Cyprus's parliament will decide on Sunday whether savers must pay a levy on bank deposits under terms for an international bailout to avert bankruptcy - with approval far from certain.
The euro zone demand on Saturday that savers pay up to 10 percent of deposits as a condition for the 10 billion euro ($13 billion) bailout drew fury in the eastern Mediterranean island and caused some jitters elsewhere in the region.
Cypriots emptied cashpoints after news emerged of bailout terms which broke a previous euro zone taboo on protecting depositors in its efforts to address the regional debt crisis.
Newly elected Cypriot President Nicos Anastasiades said refusing the bailout would have led to the collapse of the island's two largest banks, badly singed by their exposure to bailed out neighbour Greece.
The tax on deposits in Cyprus, which accounts for only 0.2 percent of the euro zone's economy, is expected to raise up to 6 billion euros as a condition for the bailout, mainly needed to recapitalise banks.
Those affected will include rich Russians with deposits in Cyprus and Europeans who have retired to the island as well as Cypriots themselves.

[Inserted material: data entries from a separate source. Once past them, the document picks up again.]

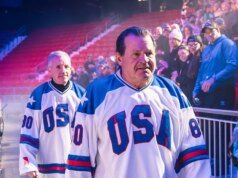邁克·埃魯齊奧內 (Mike Eruzione) 反思“冰上奇蹟”,是什麼讓一個國家變得“偉大”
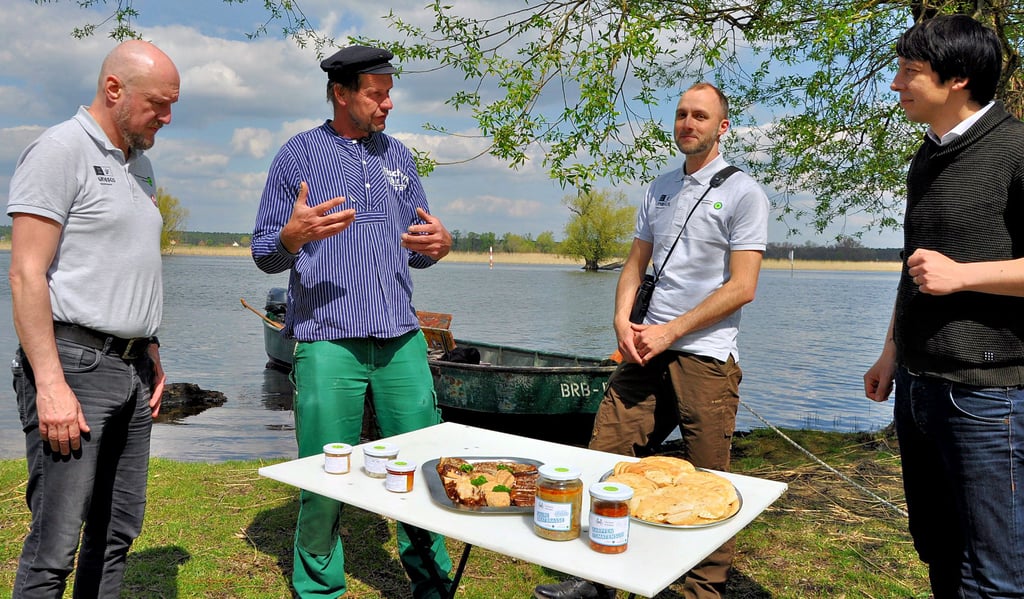 Wie gut Fisch aus hiesigen Gewässern verarbeitet werden kann, zeigte Wolfgang Schröder nahe Havelberg mit Kosthappen aus seiner Produktion. Tobias Ernst, Philipp Ritzmann und Patrick Puhlmann ließen sich Brasse, Karpfen und Wels gut schmecken.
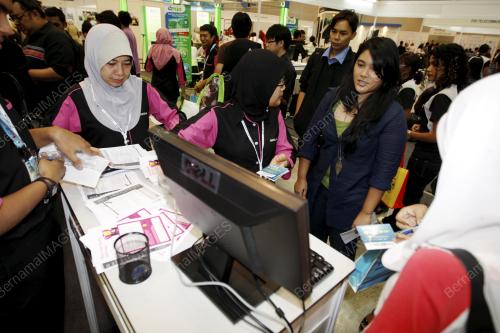 CARI KERJA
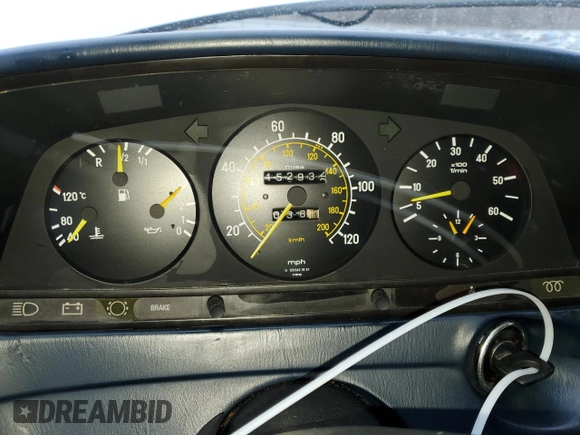 1983 Mercedes-Benz 300 D с VIN WDBAB33A6DB021786, выставлен на аукционе Copart как лот 48110185 с пробегом 152 934 миль миль и На запчасти • Non repairable. История ставок и продаж доступна на DreamBid. Изображение 9.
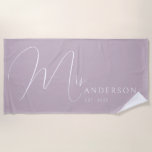 Blush Pink Newlyweds Name Personalized Honeymoon ビーチタオル<br><div class="desc">Celebrate your love in style with this personalized beach towel for adults, featuring the newlyweds' names in an elegant, modern design. Perfect for a honeymoon beach trip, anniversary getaway, or romantic vacation, this soft and vibrant towel is a must-have for couples who love to travel together. Designed with a blush...</div>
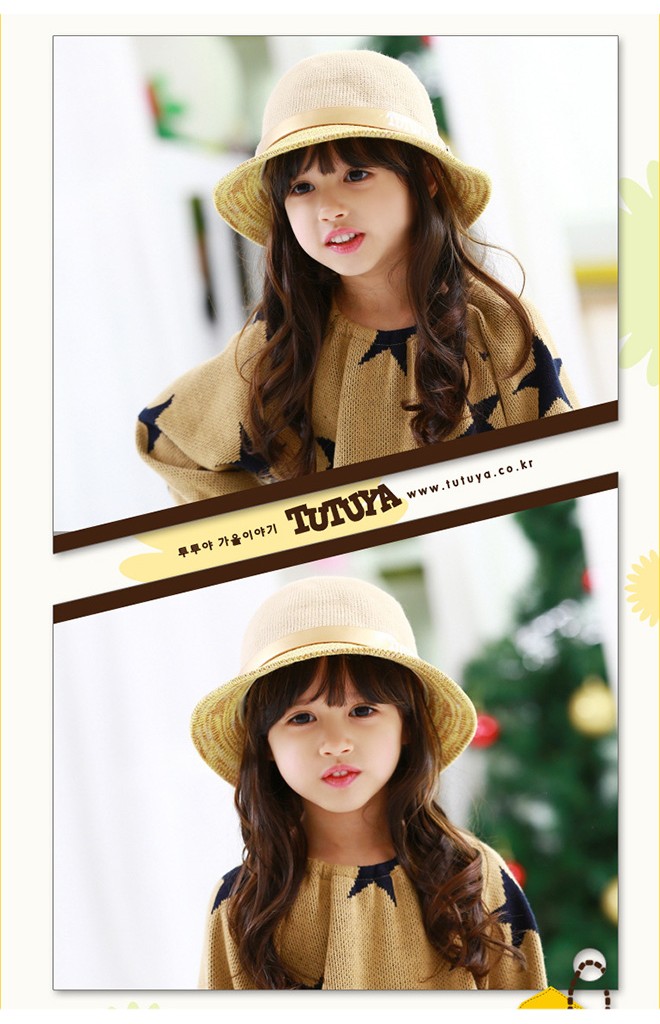 หมวกเด็กหญิงสีเบจคาดสายเข็มขัด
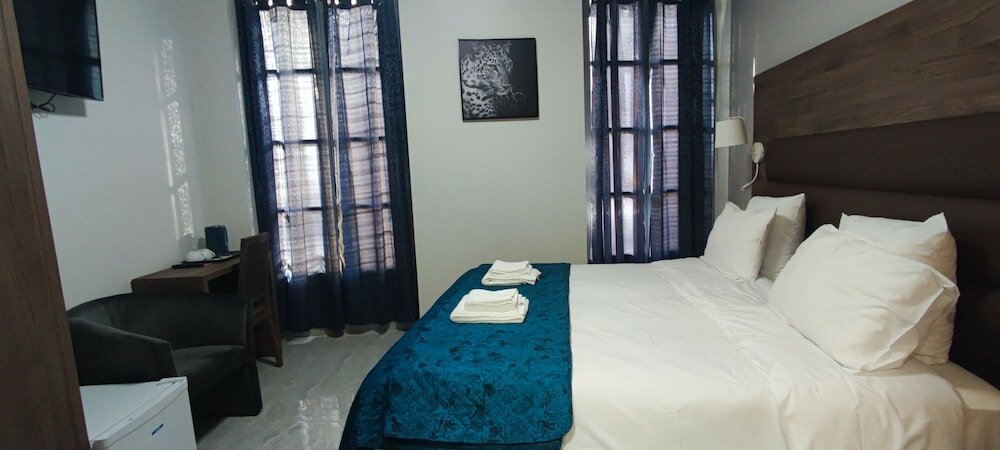 Фото Square Hôtel - Nimes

The size of foreign deposits in Cyprus - estimated at 37 percent of the total - was one reason the euro zone agreed to the tax on savings, to take effect when banks reopen on Tuesday. Cyprus stopped electronic transfers over the weekend.
In Spain, one of four other states getting euro zone help and seen as a possible candidate for a sovereign rescue, officials were quick to say that Cyprus was a one-off. A Bank of Spain spokesman said there had been no sign of deposit flight.
Two Cypriot banks in Britain told savers their money was safe.
Cyprus's parliament was due to convene at 4 p.m. (1400 GMT) in an emergency session to discuss the proposed penalties on deposits: 9.9 percent for those exceeding 100,000 euros and 6.7 percent on anything below that.